The thing that bothered me so much was the fact that a girl in my level in class, and no better than me, got the amazing part of a “Party Girl” which meant she got to spend thirty minutes on point, while I got a lousy (and yes every previous “Chinese” knows the time they have) fifty-nine seconds on stage doing the same stupid thing over, and over. It’s not that I was ungrateful, I just hate the favoring and especially the “dumbing-down” my teachers continued to do to my fellow students and I. Here I had been dancing for six years, going to class four times a week, and I really didn’t have much to show for it. Yes, I could’ve pushed myself more, there’s no question in that, but when you’re restricted to doing only a certain thing, and never being allowed to take a risk, it makes you lazy and frustrated.
The winter I had again been pushed to the lame part, which was made lamer, of a “Chinese”, and such a disgusting display of favoring went on, the academy lost eleven students in the course of one month.
I was one of them.
I quit so I could pursue other things I enjoyed, so I could try new things, and mostly, because I couldn’t stand taking part in something I disagreed with so much. It has been three years since I left the academy, but I still take the community classes the hold for people who just want to dance for the fun of it. I enjoy these classes because the really push you, even if you’re not that good. There’s no dumbing-down so far, and I think it’s because of two things. 1. The teachers, and 2. They want you to have fun, and work hard at the same time. They don’t know if you’ll come back to the class, so they push you so you’ll get as much out of it as possible. They really needed that in the “elite academy”.

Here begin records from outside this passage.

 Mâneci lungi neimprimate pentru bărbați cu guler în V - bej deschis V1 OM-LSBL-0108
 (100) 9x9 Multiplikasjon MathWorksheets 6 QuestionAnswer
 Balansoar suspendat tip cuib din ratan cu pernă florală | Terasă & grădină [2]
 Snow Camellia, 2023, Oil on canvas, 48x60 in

Sometimes I run into my old teachers in the hall, and they smile and say “hi”. They also look me up and down, ask if I’ve failed yet, (not in those words exactly) and then they’re on their way. I laugh, thinking about it, how silly it all seems to me.
I used to dream of becoming a professional Ballerina so badly. There was nothing I wanted more. Now, I’m glad I’m not. I wouldn’t mind dancing professionally, but I think it would be really neat if dance became about dancing again.